_Exercise material_

========================================================================

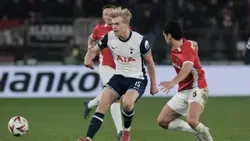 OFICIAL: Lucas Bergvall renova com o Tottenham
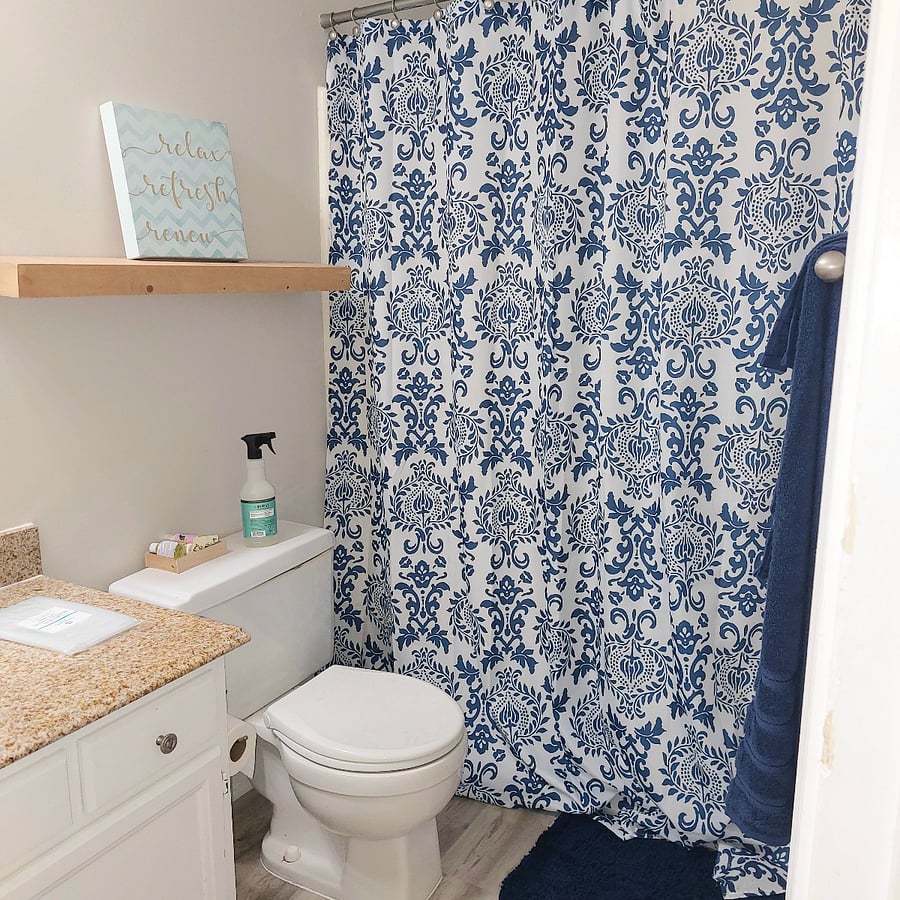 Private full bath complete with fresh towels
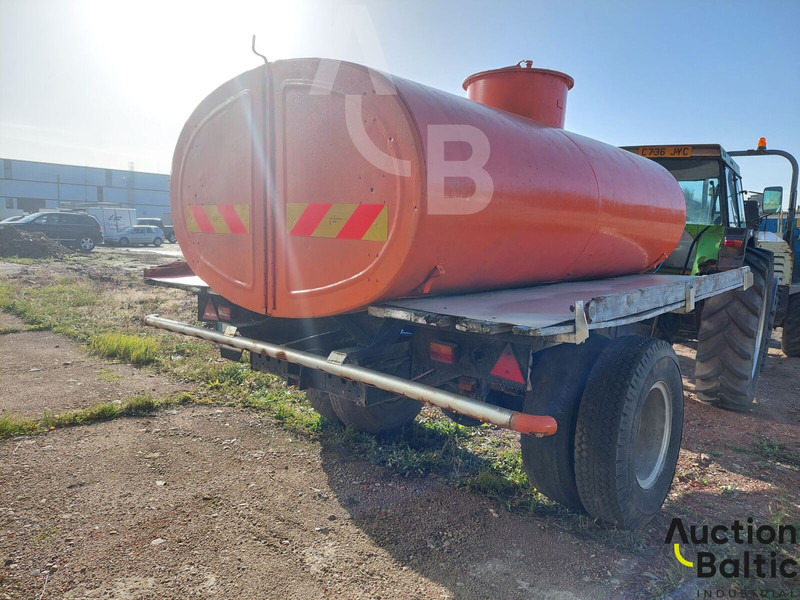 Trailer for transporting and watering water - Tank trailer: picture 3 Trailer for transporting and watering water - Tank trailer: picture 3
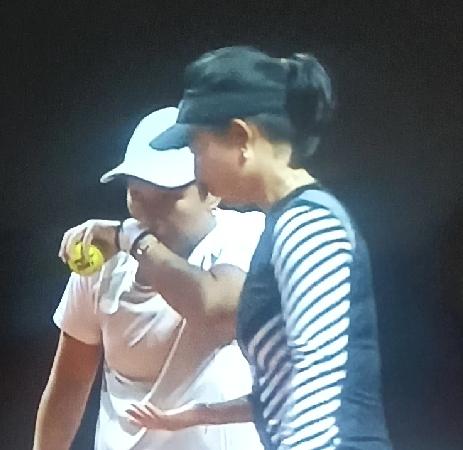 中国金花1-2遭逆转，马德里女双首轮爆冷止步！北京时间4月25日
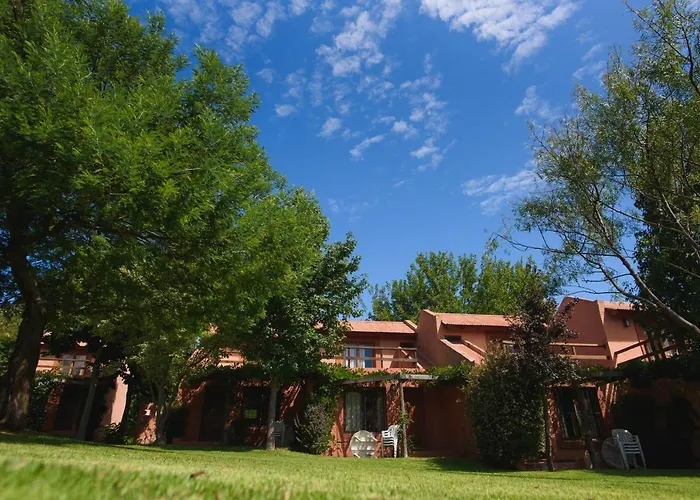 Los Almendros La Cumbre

========================================================================

_Directions for this task_
Transcribe the full listing above exactly, with the images removed.

_Output of the task_
 OFICIAL: Lucas Bergvall renova com o Tottenham
 Private full bath complete with fresh towels
 Trailer for transporting and watering water - Tank trailer: picture 3 Trailer for transporting and watering water - Tank trailer: picture 3
 中国金花1-2遭逆转，马德里女双首轮爆冷止步！北京时间4月25日
 Los Almendros La Cumbre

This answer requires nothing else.